• YOUR TASK:
Output exactly the lines from the line that has "Supersmart H. Pyloriの方式1日あたりの20の鋼片CFU" through the last line of the data below, with no pictures.

PROVIDED MATERIAL section start

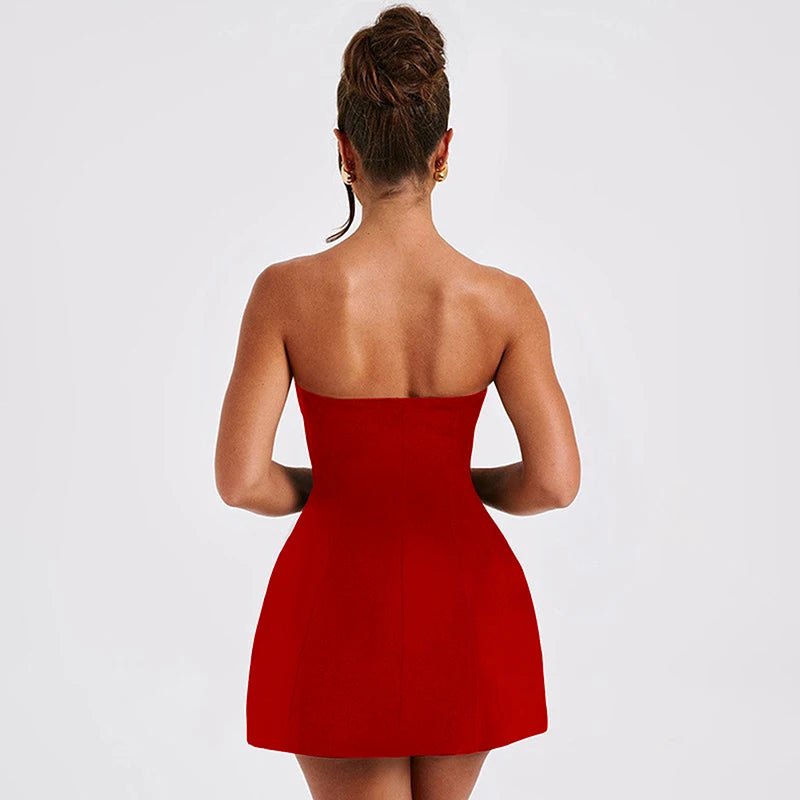 Colby Cinched Waist Strapless Mini Dress - Elegant Occasion Dress for Women - Image 6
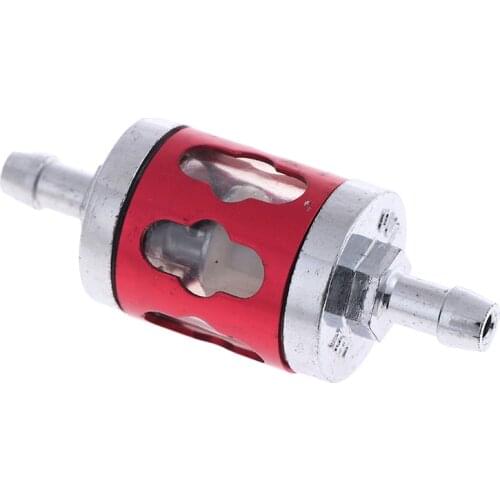 Motorcycle Gas Fuel Filter Fits 8mm 1/4'' Inline Universal Hose Filters Gasoline filter oil filter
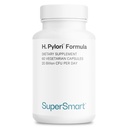 Supersmart H. Pyloriの方式1日あたりの20の鋼片CFU (高い効力) - 特許を取られたPylopassのプロバイオティックLactobacillus Reuteri DSM 17648の補足 非GMO及びグルテンフリー- 60のベジタリアンのカプセル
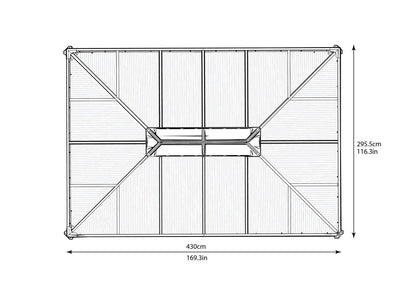 Palram Martinique Gazebo - 10' x 14'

PROVIDED MATERIAL section end

• SOLUTION BELOW:
 Supersmart H. Pyloriの方式1日あたりの20の鋼片CFU (高い効力) - 特許を取られたPylopassのプロバイオティックLactobacillus Reuteri DSM 17648の補足 非GMO及びグルテンフリー- 60のベジタリアンのカプセル
 Palram Martinique Gazebo - 10' x 14'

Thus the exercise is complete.